Study sites: The studies were undertaken on alkali lake beaches of Alberta and Saskatchewan (Canada), and North Dakota and Montana (USA). These lakes have salt-encrusted, white beaches with sparse vegetation; beaches used by breeding plovers are generally 10-40 m wide.
The piping plover breeding season extends from late April until early August. A 4-egg clutch is laid in a shallow depression directly on the sand/gravel substrate. Incubation lasts about 28 days, the chicks are able to leave the nest scrape within hours of hatching.
Nest cages: During the breeding seasons of 1993-2002, a total of 1,355 nest cages were placed over piping plover nests. The nest cages were of several designs including small diameter (1-1.7 m) and large diameter (3-4 m) cages, some with wire mesh tops and some with soft netting tops. Nests were monitored and chick productivity and predation at these nests was compared with 420 nests that received no protection.
Adult nesting piping plovers were killed near cages at 68 (5%) of caged nests; from remains found, predation appeared attributable to raptors. In contrast, no losses of adult plovers were detected at the 420 uncaged nests. Predation was greatest (up to 48%) when small (1-1.7 m) diameter cages with wire mesh tops were used at sites with low (on average 4%) or moderate (15%) tree cover within 2 km of the nest. In areas with low tree cover, predation decreased to 0.7% of cage provisions/year when large (3-4 m) diameter cages with soft netting tops replaced other exclosure cage designs.

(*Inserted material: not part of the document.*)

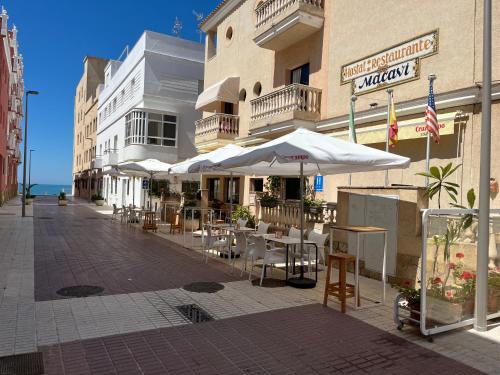 an outdoor cafe with tables and umbrellas on a street at Hotel Macavi Playa in Rota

There may be considerable site variability upon the effectiveness of cage design, for example no predation was recorded at 393 plover nests along the relatively treeless North Dakota-Montana border that were covered by small cages.
Conclusions: Evidence from this study suggests that predator exclosure cages should be used with caution when attempting to protect eggs of piping plovers (and probably similar species of shorebirds) in order to boost chick productivity. In some situations, enhanced productivity from use of the cages is outweighed by increased mortality of adult birds. In an otherwise fairly featureless landscape, the attention of raptors was drawn to the nest cages. In areas with trees, these probably serve as vantage points on which raptors can perch, watch and locate piping plovers returning to their nests to incubate.